Entah ada sahabat yang menelusuri jalan-jalan bushido seperti ini atau tidak. Yang jelas, banyak pejalan kaki di jalan-jalan ini sering bertutur kalau kemanapun mata menoleh yang tersisa hanya satu: keindahan. Bukan karena sedang berlibur ke Bali atau ke Swiss. Bukan juga karena baru saja memenangkan lotere miliaran rupiah. Bukan juga karena baru mendapatkan pacar baru. Melainkan sudah berpelukan rapi dengan hidup dan kehidupan. Tidak ada penolakan atau pemaksaan disana. Tidak ada dorongan-dorongan disana. Yang tersisa hanya satu: seni berkata, “ya” pada kehidupan. Ini mirip dengan apa yang ditulis Pema Chodron dalam The Wisdom of No Escape: “Hell is just resintance to life.” Neraka hanya muncul ketika terjadi penolakan terhadap kehidupan. Diluar penolakan pada hidup, neraka menghilang entah kemana.

Bedanya dengan pengertian banyak orang yang mempertentangkan neraka dengan surga, dalam seni hidup yang hanya mengenal kata, ya, tidak ada lagi hal yang layak dipertentangkan atau diperlawankan. Yang ada hanya mulut yang bergumam dalam, “ini pun akan berlalu!” ada yang menyebut hidup seperti ini dengan pasrah tidak bergairah. Ada juga yang menyebutnya sebagai awal bersinarnya cahaya-cahaya kesucian di sana sini. Entahlah, yang jelas ada yang bertanya, “kalau keberuntungan tidak lagi berlawankan kerugian, keberuntungan bisa diraih dengan mudah hanya dengan mengatakan, “ya” pada kehidupan. Bukankah ini bentuk keberuntungan abadi yang paling menguntungkan?”

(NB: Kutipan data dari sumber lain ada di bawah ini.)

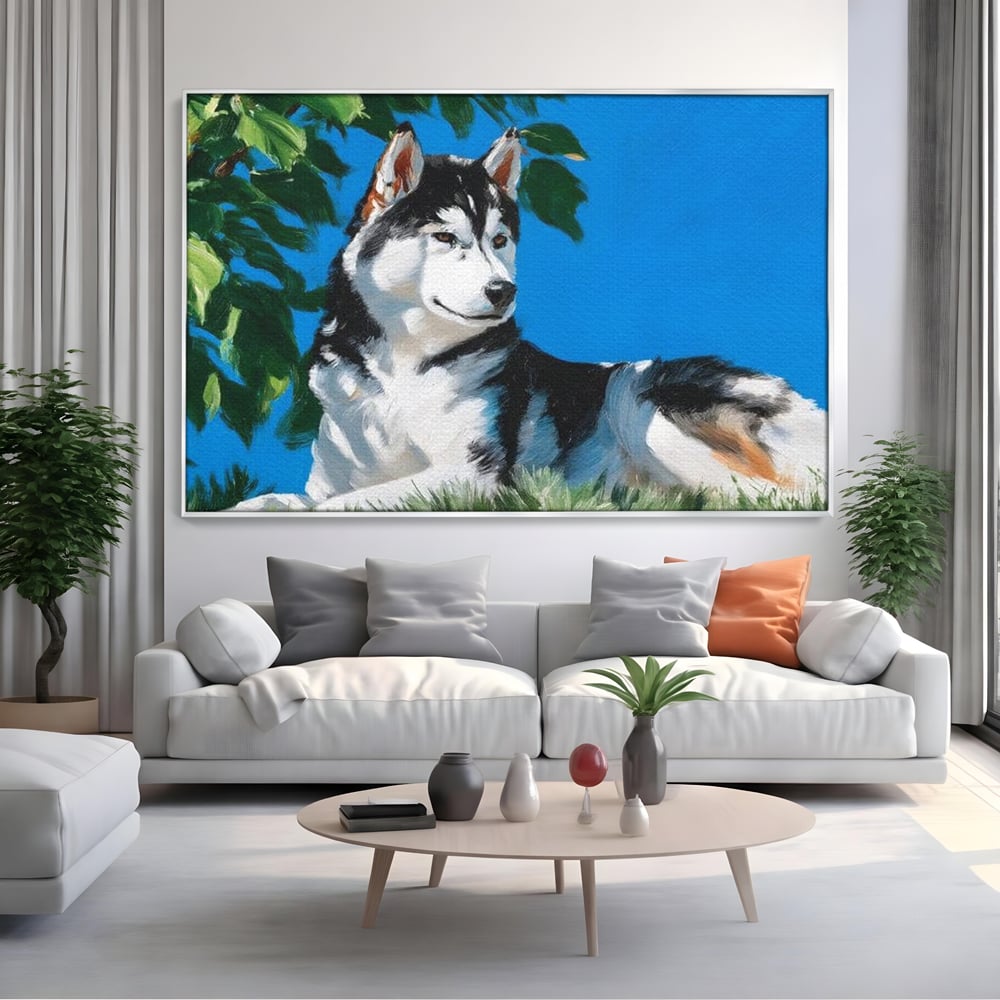 Fotoleinwand Canvas Premium, LuxCanva® M1299, Unter der Sonne, Husky, Himmel, Klar, Blätter, Baum, Patruped, Ruhend, Frei, Blanos, Wachsam, Büro, Wohnen, Wohnzimmer, Babyzimmer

Tentu saja kembali siapa anda. Bila anda seorang accountant yang lagi bersemangat mencari uang, tentu jawabannya lebih dekat ke negative. Bila anda adalah seorang pencari kedamaian, bisa jadi pisitif jawabannya. Kalau anda seorang spiritual traveller yang sudah berjalan jauh, anda tidak memerlukan baik jawaban maupun pertanyaan. Bahkan judul hening pun tidak perlu lagi.